Margareth Olde

Personal information
- Born: 15 November 2000 (age 25) Tallinn, Estonia

Chess career
- Country: Estonia
- Title: Woman International Master (2021)
- Peak rating: 2258 (October 2021)

= Margareth Olde =

Estonian chess player (born 2000)

Margareth Olde (born 15 November 2000) is an Estonian chess player who holds the title of Woman International Master.

==Biography==
She is the daughter of Estonian chess players Hendrik Olde and Margit Brokko.

In the Estonian Women's Chess Championship Margareth Olde has won four gold (2015, 2018, 2024, 2025) and three silver (2016, 2017, 2020) medals. Also she won the Estonian Under-18 Girl's Chess Championship in 2015, and Estonian Under-16 and Under-20 Girl's Chess Championships in 2016. In 2016 Margareth Olde won the Estonian Rapid Chess Championship. In 2015, she was a member of Estonian U18 national team that won the 15th European U18 Team Chess Championship (girls) in Karpacz. Margareth Olde was named the best young chess player of Estonia in 2015. In August 2021, Margareth Olde was the best among women in the "Riga Technical University Open" tournament "A".

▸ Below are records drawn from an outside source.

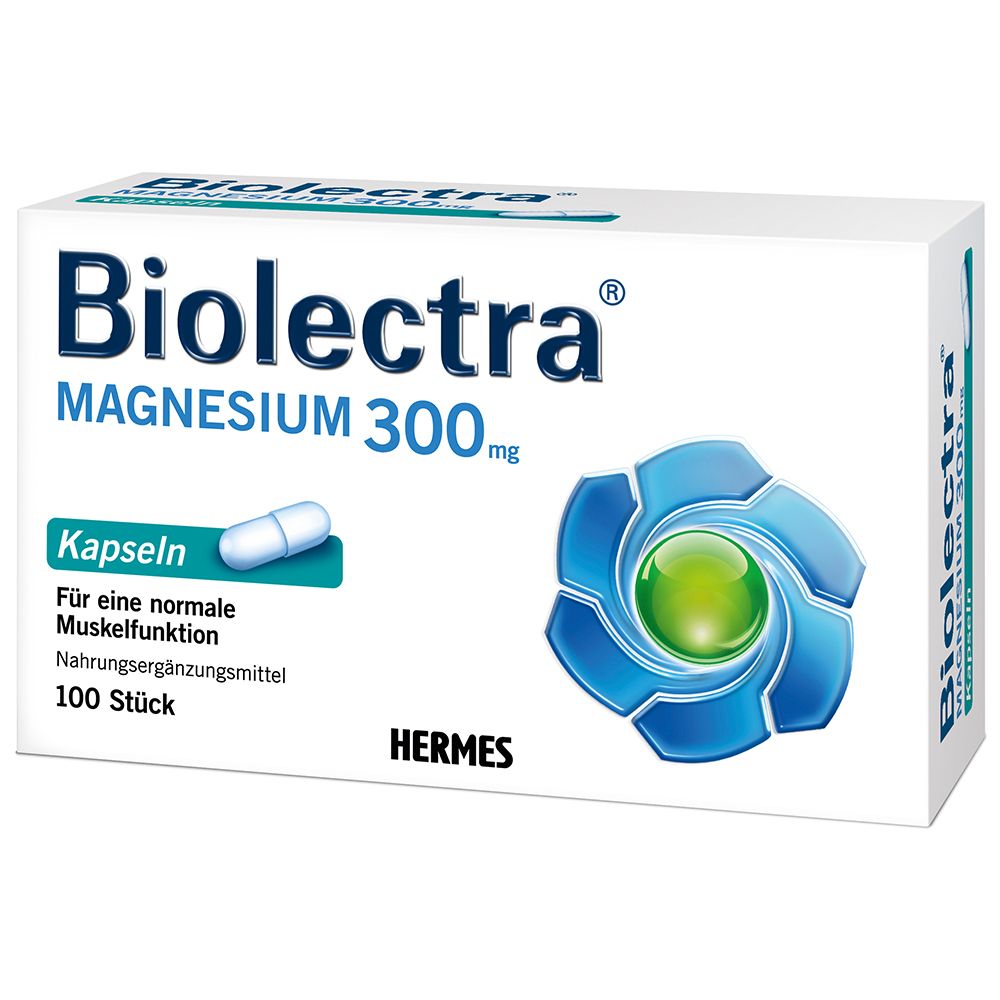 „Biolectra Magnes“ 300 mg kapsulės 100 dangtelis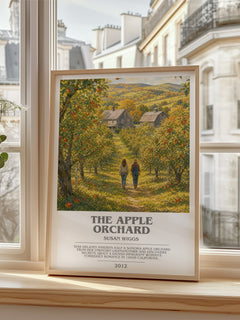 The Apple Orchard bookish poster colour and style options – Susan Wiggs book art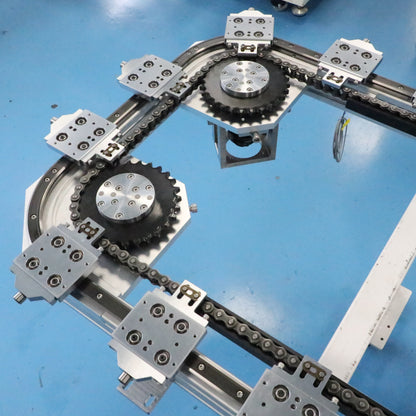 High-rigidity and stable linear guide rails, circular guide rail conveyor lines, energy storage module assembly lines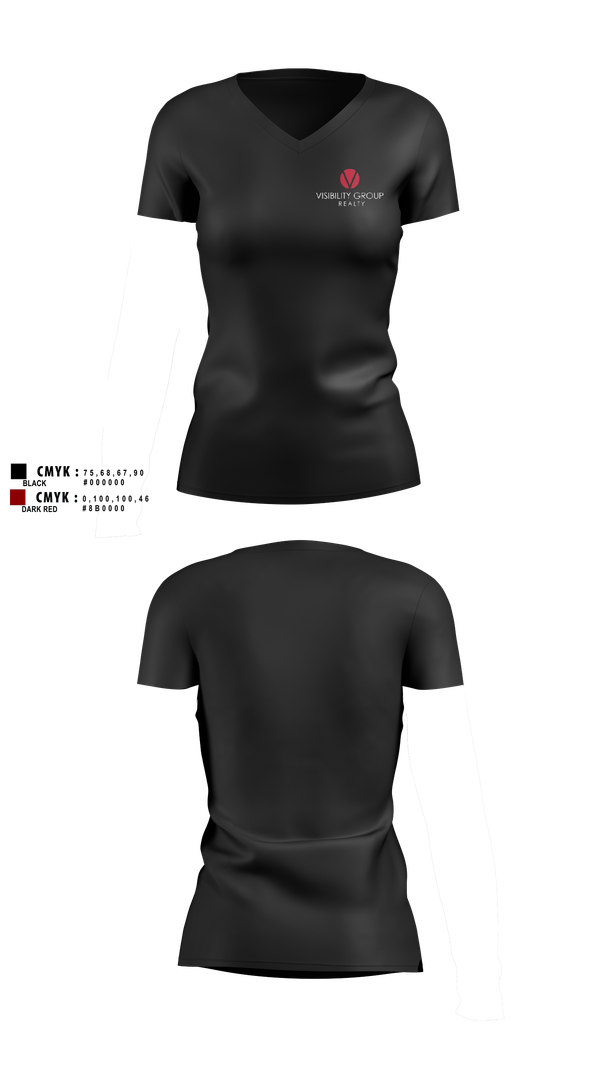 Womens Short Sleeve Vneck Shirt, Keller Williams realty, , Teamtime, Team time, sublimation, custom sports apparel, team uniforms, spirit wear, spiritwear, sports uniforms, custom shirts, team store, custom team store, fundraiser sports, apparel fundraiser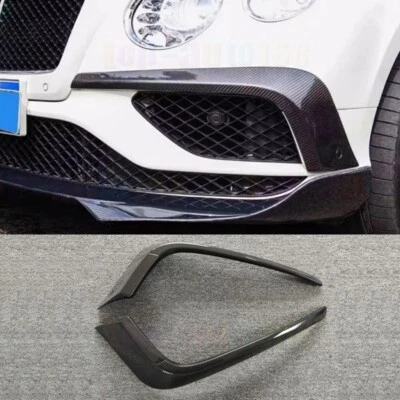 Cuchillo de viento para cejas parachoques delantero de fibra de carbono para Bentley Continental GT 2016-18 Foto 1 de 4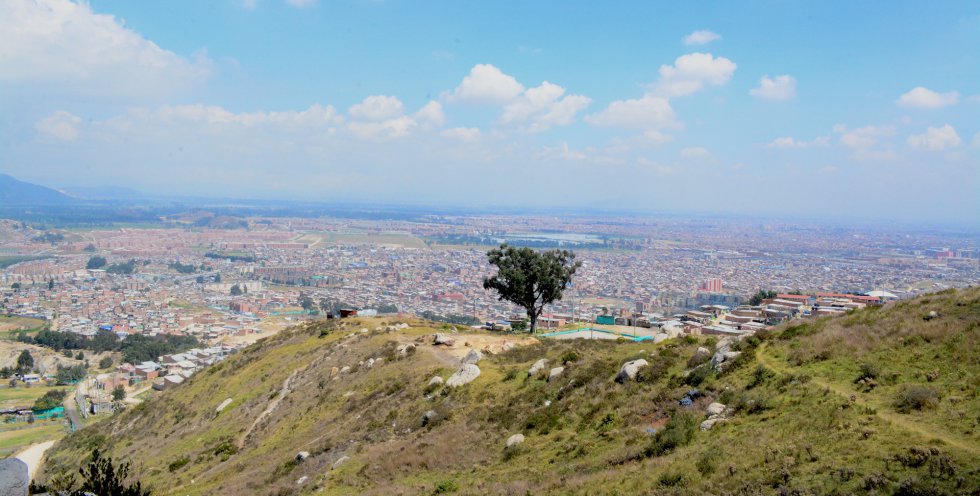 Vista de Bogotá desde una de las partes más altas de Soacha.rn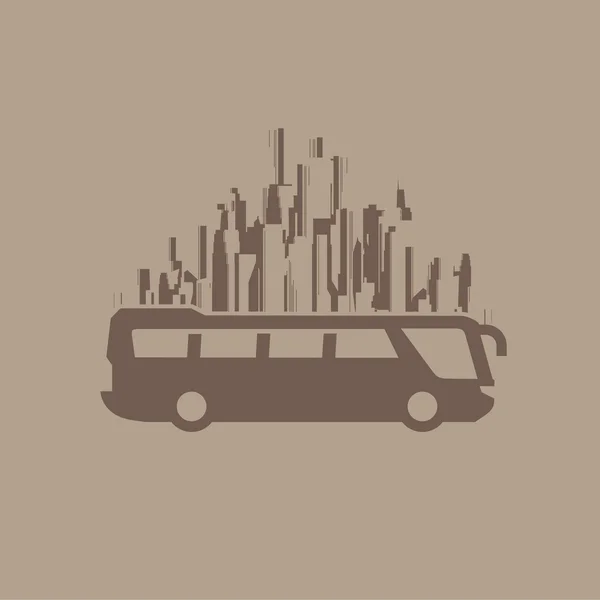 Urban bus — Stock Vector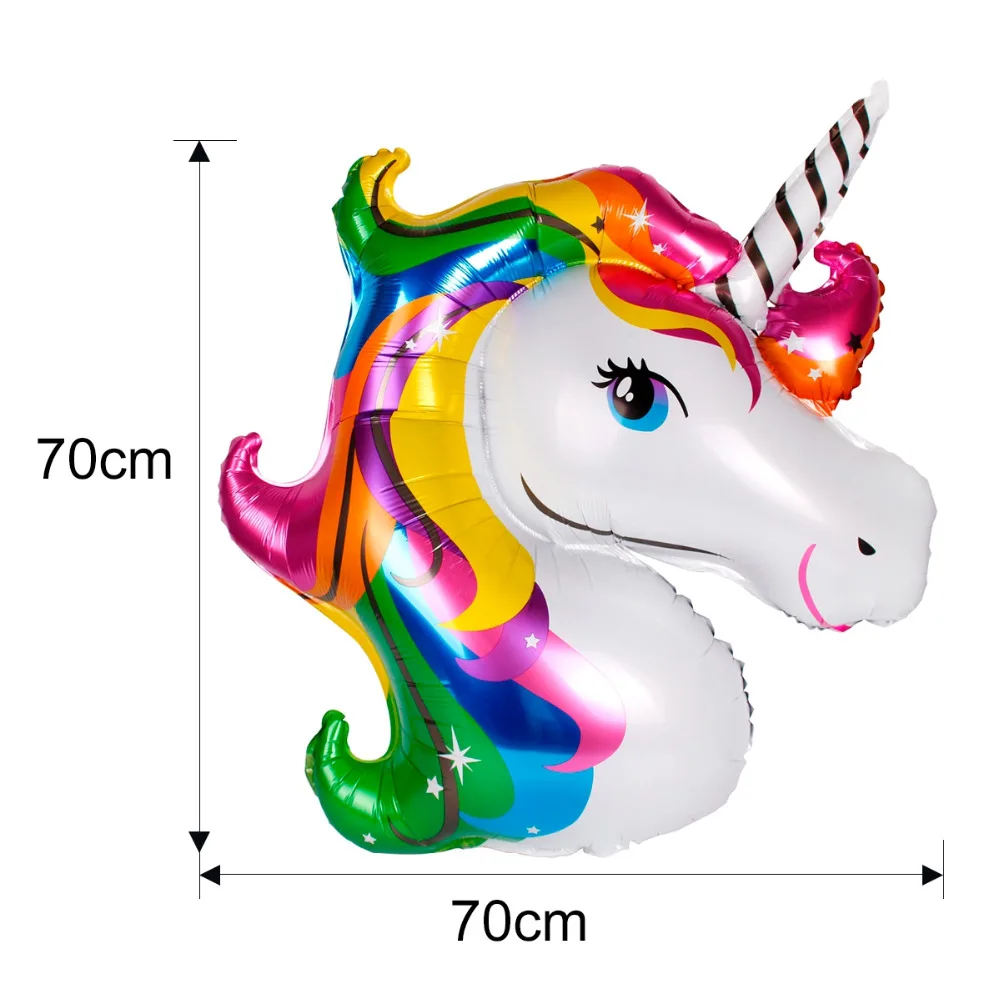 QIFU 18 шт. воздушные шары из фольги с радугой и единорогом буквы Гелиевый шар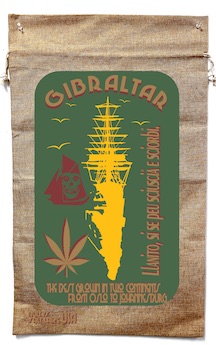 GIBRALTAR SHIP MARIJUANA BURLAP BAG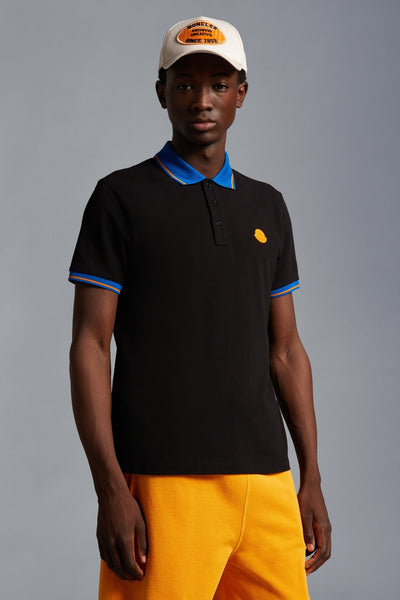 Moncler Polo black à logo - Lothaire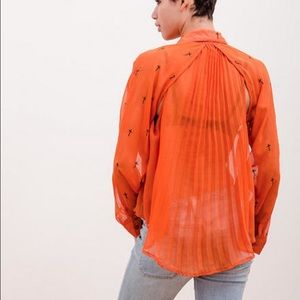 Reverse Tops - SOLD - REVERSE Blouse - Rust with Crosses Reverse Tops - SOLD - REVERSE Blouse - Rust with Crosses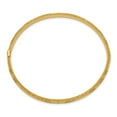 thumbnail image 2 of Auriga 14K Yellow Gold 3/16 Oversized Laser Cut Hinged Bangle 8inch for Women, 2 of 4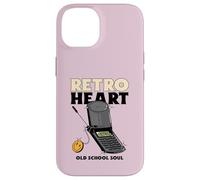 Retro Heart Old School Soul (Gráfico) Carcasa para iPhone 14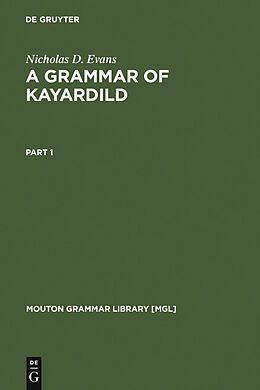 eBook (pdf) A Grammar of Kayardild de Nicholas D. Evans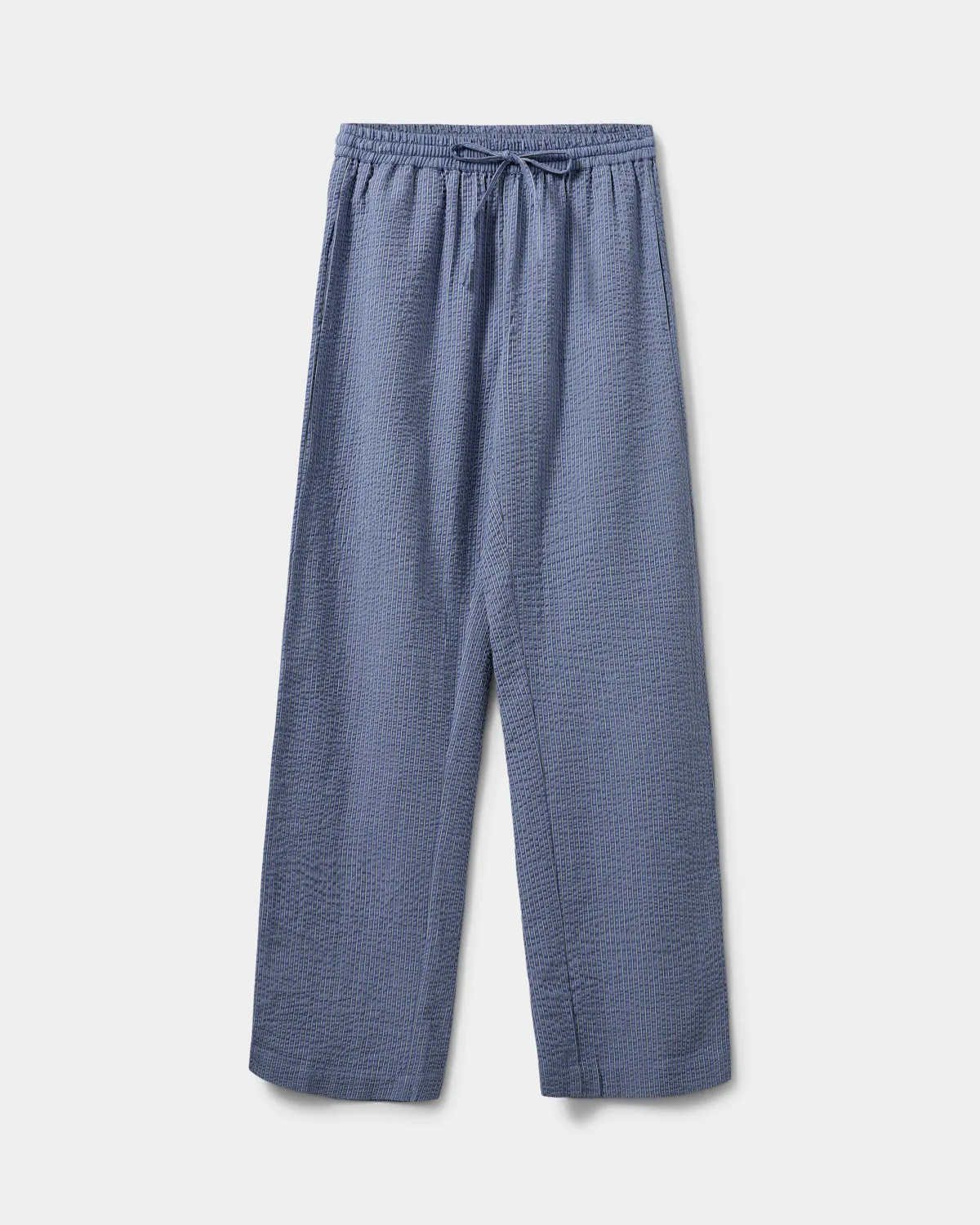 ABIGAILESW TROUSERS - Blue-Black w Antique White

Margareth Olde played for Estonia in Chess Olympiads:
- In 2016, at third board in the 42nd Chess Olympiad in Baku (+4 −3 =3),
- In 2018, at second board in the 43rd Chess Olympiad (women) in Batumi (+4, =3, -3),
- In 2022, at second board in the 44th Chess Olympiad (women) in Chennai (+4, =4, -2),
- In 2024, at second board in the 45th Chess Olympiad (women) in Budapest (+4, =5, -2).